В те дни в Петербурге проходила выставка древней новгородской иконы. Кузьма пошёл туда и замер, поражённый, перед Георгием Победоносцем. Монументальный святой восседал на непропорционально маленьком, хрупком, тонконогом коне. А рядом — кроваво-красный дракон, дикий, опасный, бешеный. Никакой прорисовки деталей. Всего несколько простых, чистых красок: красная, белая, золотая, синяя. «Как же я не догадался раньше! — поразился Кузьма. — Ведь сам без пяти минут богомаз»…

…Шестнадцатилетним он подался в ученики к старику иконописцу, научился искать подходящую глину по оврагам, гальку в реке. Потом дробить, распаривать, растирать всё это на яйце да на квасе, превращая в краски, пригодные для иконы.
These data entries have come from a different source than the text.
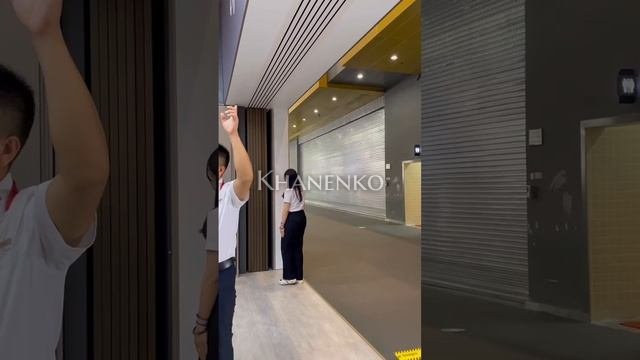 Комплект раздвижной системы DSK-190.4.1R AL/BL-MW на 4 двери (4+0) Правое открывание, скрытое крепление в проем, алюминий/черный с белой крышкой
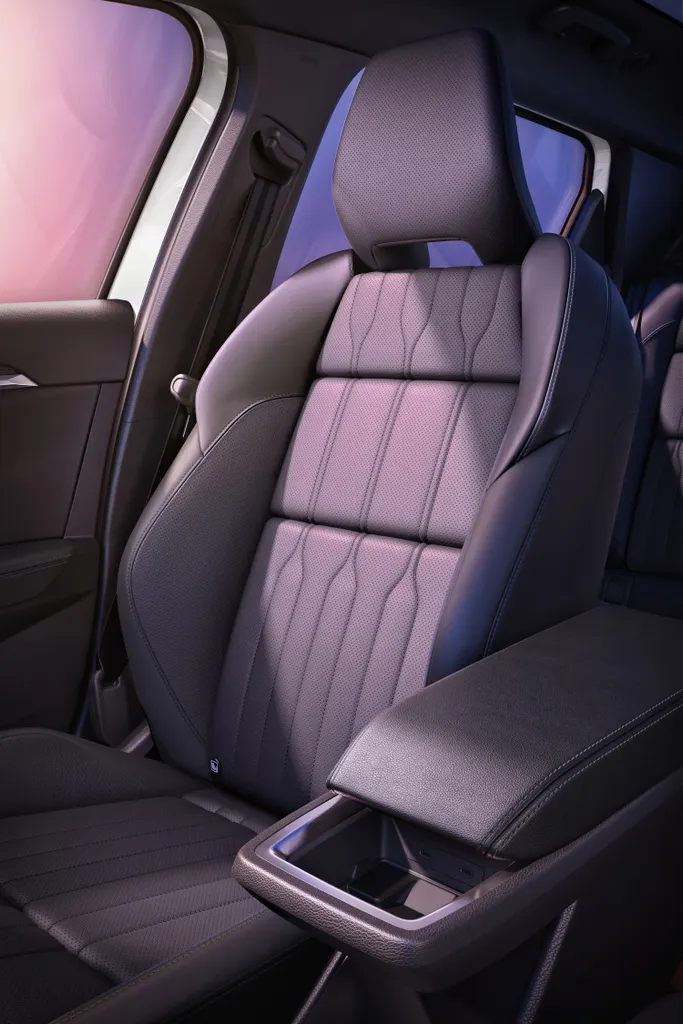 Renault Scenic e-tech electric interieur 2026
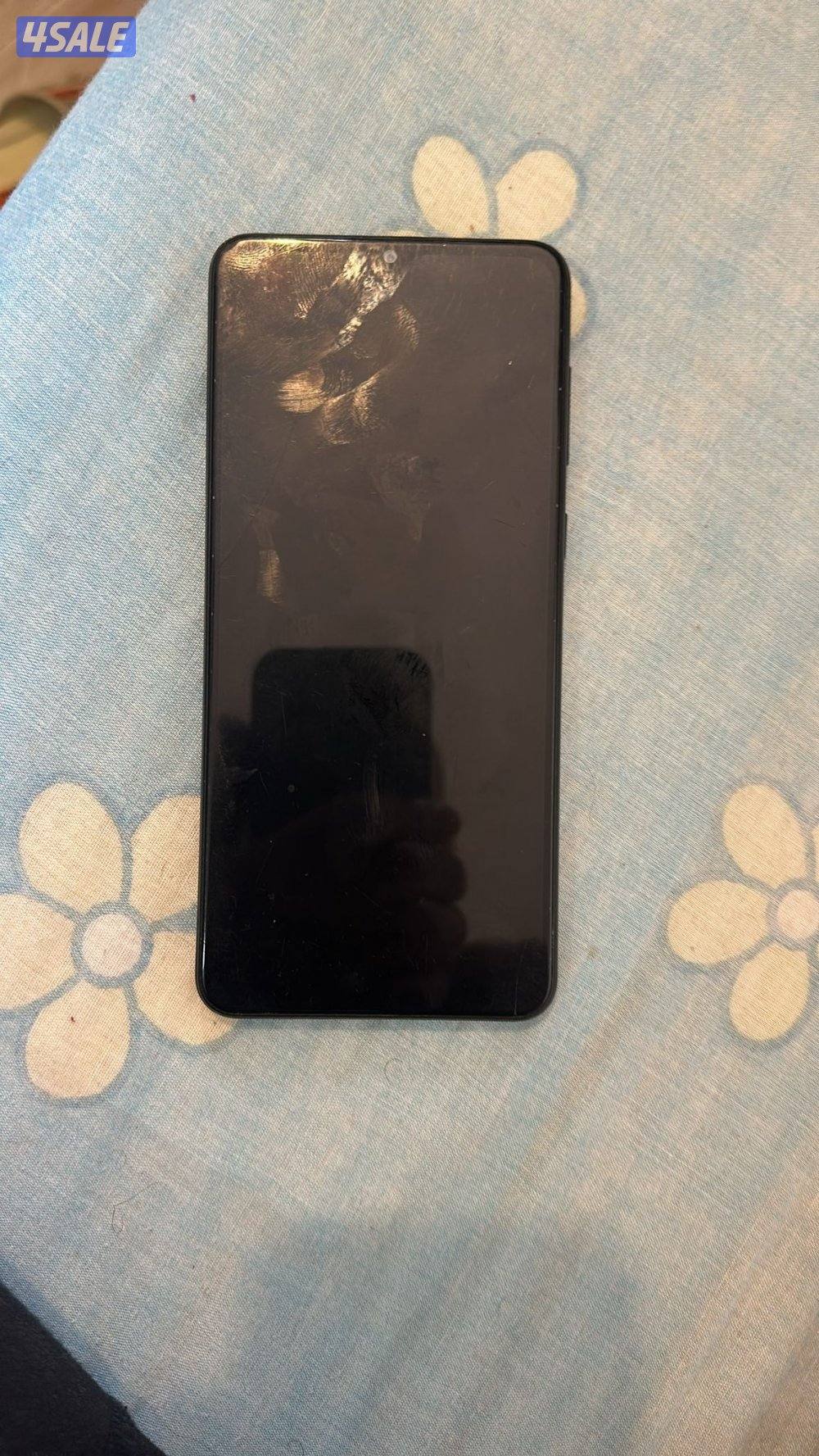 يوجد ٢ تليفون ايفون 6 و سامسونج جلاكسي A23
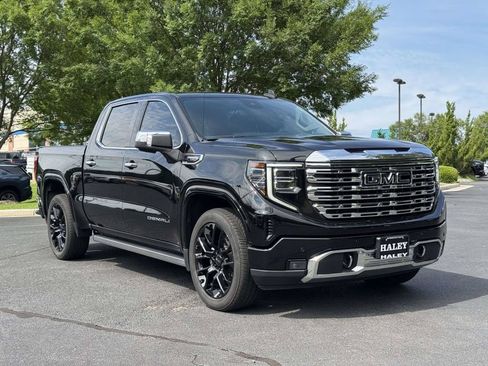Used 2023 GMC Sierra 1500 Denali w/ Denali Reserve Package AWD/4WD image 2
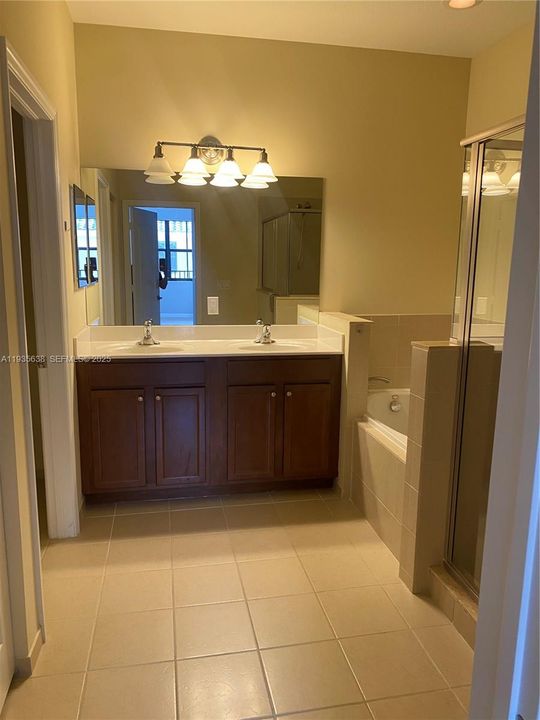 В аренду: $4,500 (4 спален, 3 ванн, 1714 Квадратных фут)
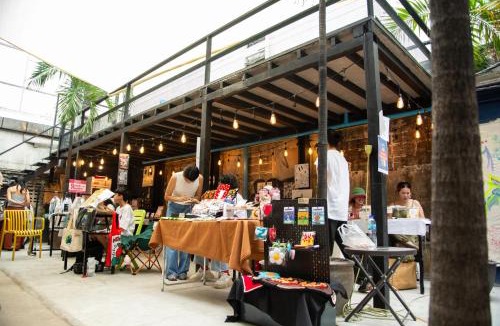 Talat Yot Hostel | AREA81 HIDEOUT Hostel Khaosan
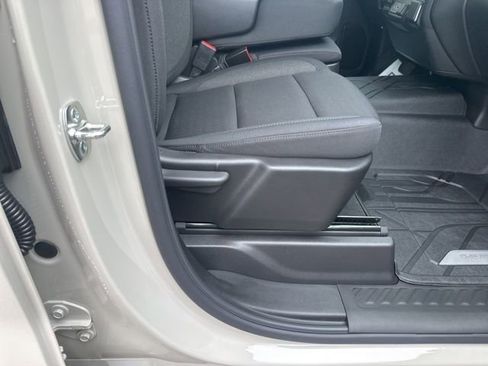 New 2026 Chevrolet Silverado 1500 Custom w/ Turbomax Blackout Package image 32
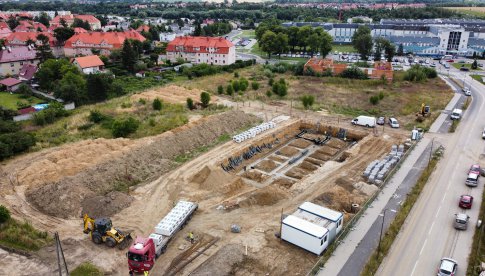 Postępuje inwestycja mieszkaniowa w Świdnicy. Fundamenty nowych budynków przy ul. Leśnej już wylane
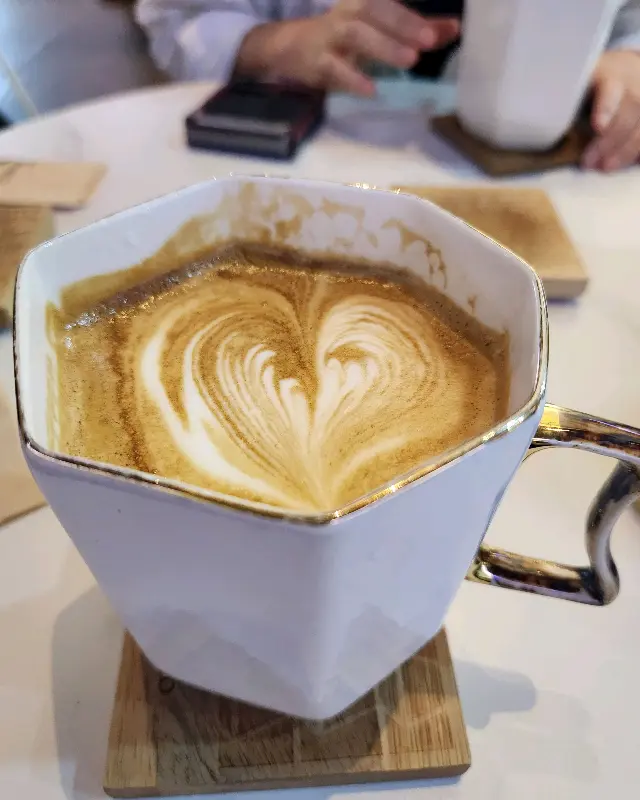 하트 모양 라떼 아트가 인상적인 라떼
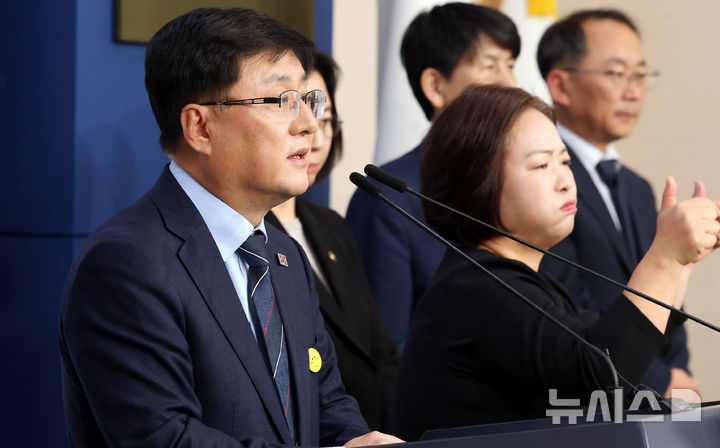 [서울=뉴시스] 추상철 기자 = 김성환 기후에너지환경부 장관이 10일 오후 서울 종로구 정부서울청사에서 '2035 국가온실가스 감축목표 및 제4차 계획기간 배출권 할당계획' 등과 관련 정책브리핑을 하고 있다. 2025.11.10. scchoo@newsis.com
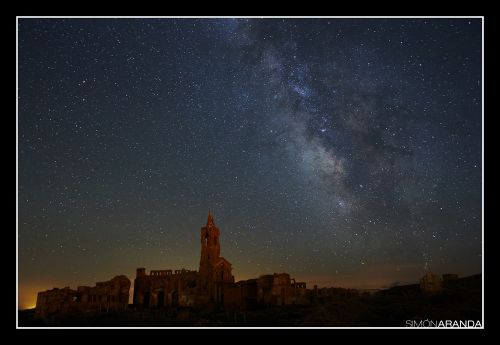 Fotografia de Estudio de fotografa Simn Aranda - Galeria Fotografica: Nocturnas - Foto: Altar Belchite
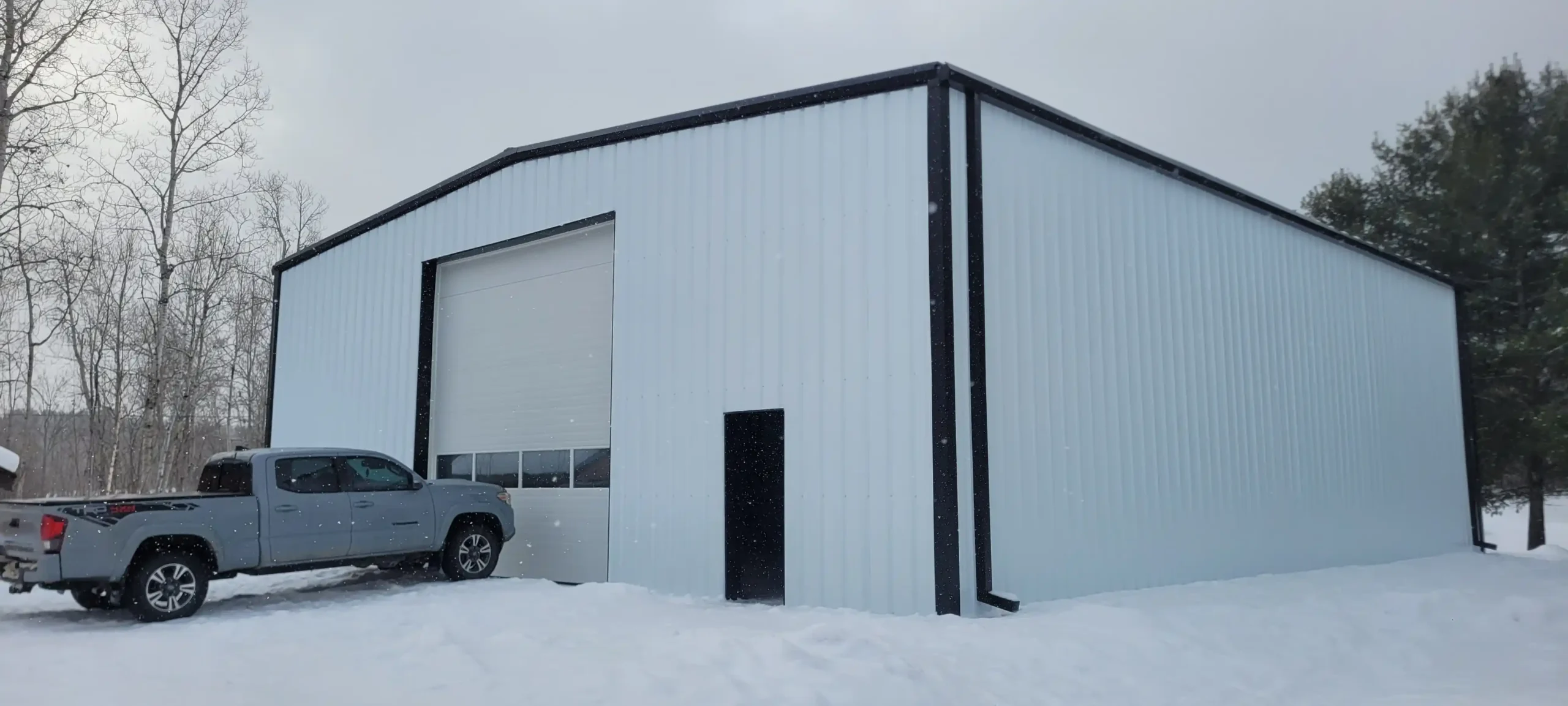 Clear-Span Storage Building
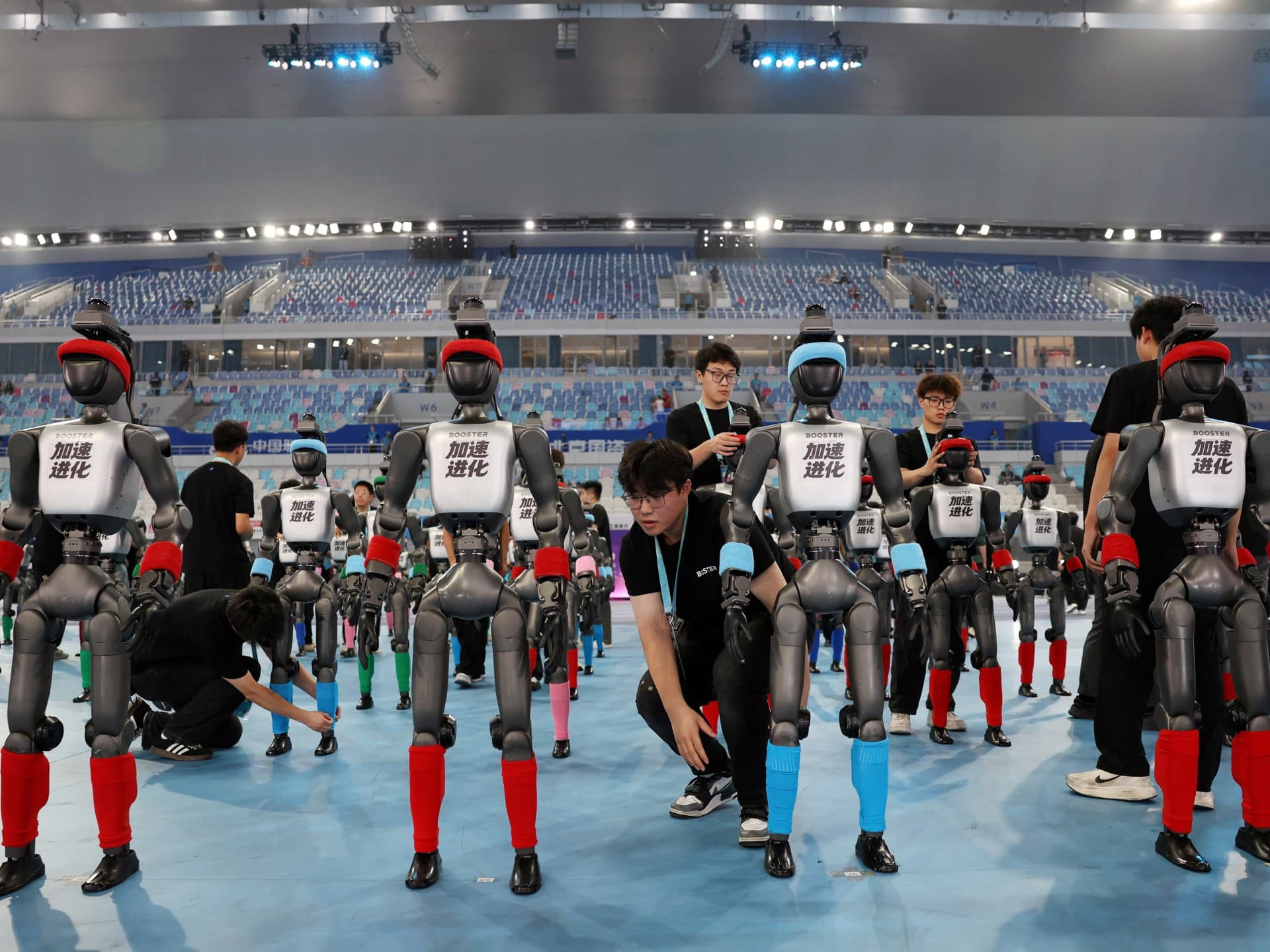 Humanoid Robot "Lightning" Sprints Past Usain Bolt's 100m World Record in Beijing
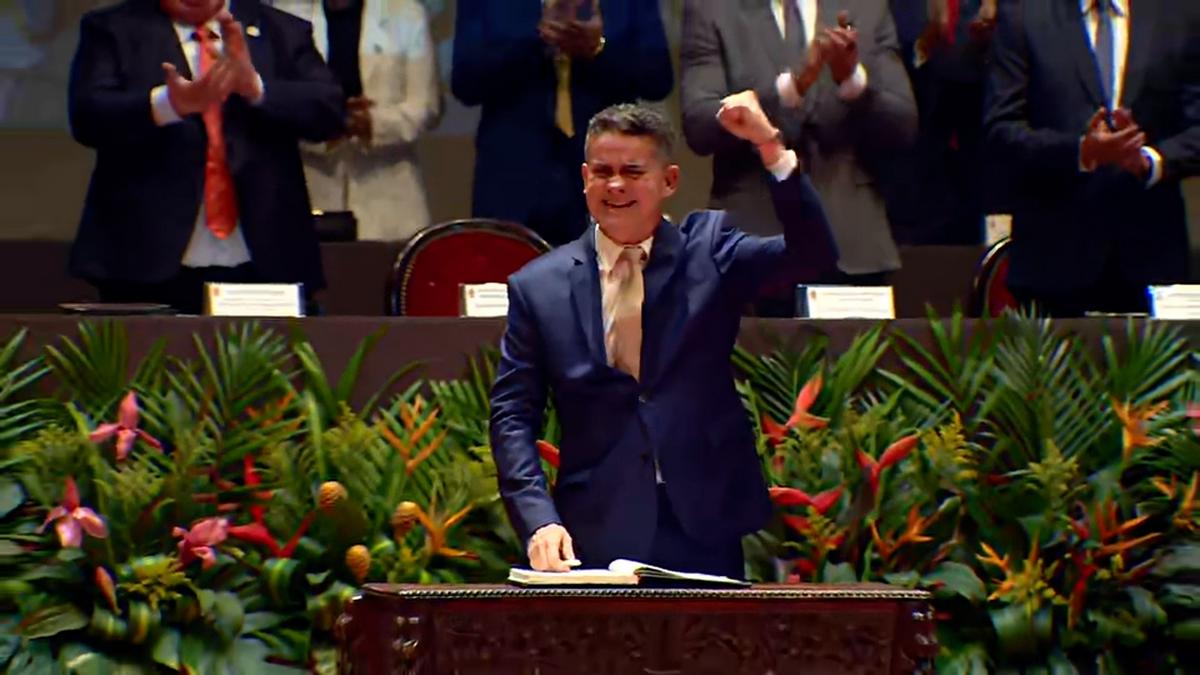 Justiça Eleitoral autoriza PF a ouvir David Almeida em inquérito sobre compra de votos 1 posse david almeida 03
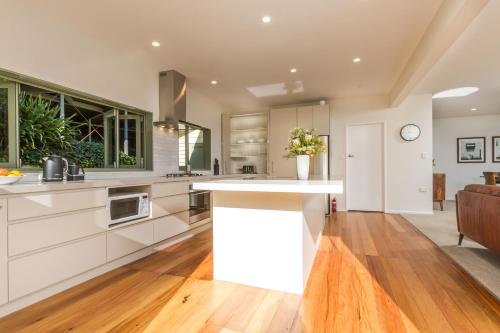 Kitchen, Harbour View - Three in Stepneyville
Лик Пресвятой Девы Марии в исполнении Кузьмы вышел совершенно живым, дышала каждая чёрточка! А батюшка в церкви увидел и разгневался: «Не Богоматерь, а плясовица. Так глазами и стрекает! Не буду эту доску святить». Потом ещё Кузьма подрядился расписать храм. Старался, ночей не досыпал. Да только, увидев плоды его труда, кафедральный епископ заболел нервным расстройством. Кончилось тем, что роспись смыли, а Кузьму прогнали взашей. Теперь-то он понял: поделом! Нечего увлекаться живописностью, нужно уметь видеть суть!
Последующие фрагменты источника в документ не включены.